Board of Directors & Governance
The Directors acknowledge the importance of high standards of corporate governance and, given the Company’s size and the constitution of the Board, have developed its procedures to comply with the principles set out in the Quoted Companies Alliance Corporate Governance Code (the "QCA Code"). The Board comprises seven Directors, four of whom are Executive Directors and three Non-Executive Directors, reflecting a diversity of experiences and backgrounds. The Company will appraise the structure of the Board on an ongoing basis.
The Board intends to meet regularly to review, formulate and approve the Group’s strategy, budgets, corporate actions and oversee the Group’s progress towards its goals of long-term sustainable success, generation of shareholder value and contributions to the wider society. The Company has established an Audit Committee and a Remuneration Committee, each with formally delegated duties and responsibilities and with written terms of reference. The activities normally performed by a Nominations Committee will be covered by the full Board.
The Company reviews its compliance with the recommendations of the QCA Code, and reports in its annual report, and on this website, where it complies and explain where it does not comply.
The Skillcast Audit Committee has the primary responsibility of monitoring the quality of internal controls to ensure that the financial performance of the Group is properly measured and reported on and to ensure the Group’s key risks are identified and monitored. It receives and reviews reports from the Group’s management and external auditors relating to the interim and annual accounts and the accounting and internal control systems in use throughout the Group. The Audit Committee meets not less than twice in each financial year and has unrestricted access to the Group’s external auditors. The Audit Committee comprises at least two members of whom both shall be independent Non-Executive Directors and one shall have recent and relevant financial experience with competence in accounting or auditing. The chair of the Audit Committee is Sally Tilleray and its other members are Richard Amos and Isabel Napper.

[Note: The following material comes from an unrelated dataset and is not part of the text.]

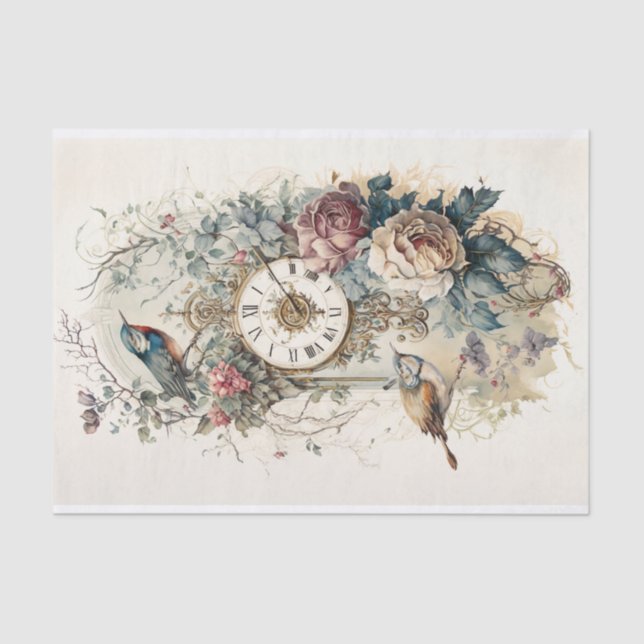 Papier Mousseline Une étude en Rose et temps 5 (Recto)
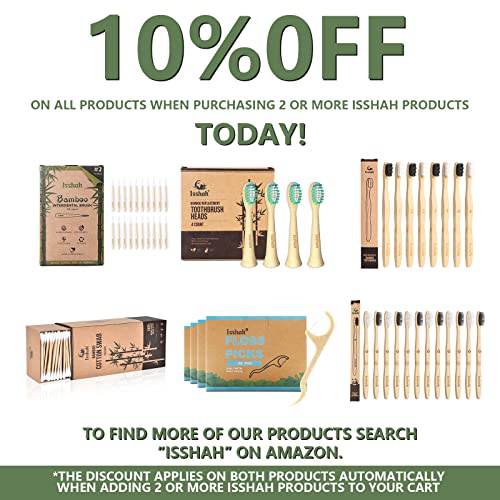 Biodegradable Eco-Friendly Natural Bamboo Charcoal Toothbrushes - 12 Count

The Remuneration Committee (i) reviews the performance of the Executive Directors and senior managers, (ii) makes recommendations to the Board on matters relating to their remuneration and terms of service and (iii) develops and maintains procedures for making recommendations for succession planning. The Remuneration Committee also reviews gender pay data and make recommendations to the Board on proposals for the granting of share options and other equity incentives pursuant to any employee share option scheme or equity incentive plans in operation from time to time. The Remuneration Committee meets as and when necessary, but at least twice each year. The Remuneration Committee comprises at least two independent Non-Executive Directors. The Chair of the Remuneration Committee is Isabel Napper, and its other members are Richard Amos and Sally Tilleray. No director or manager is involved in any decisions as to their own remuneration.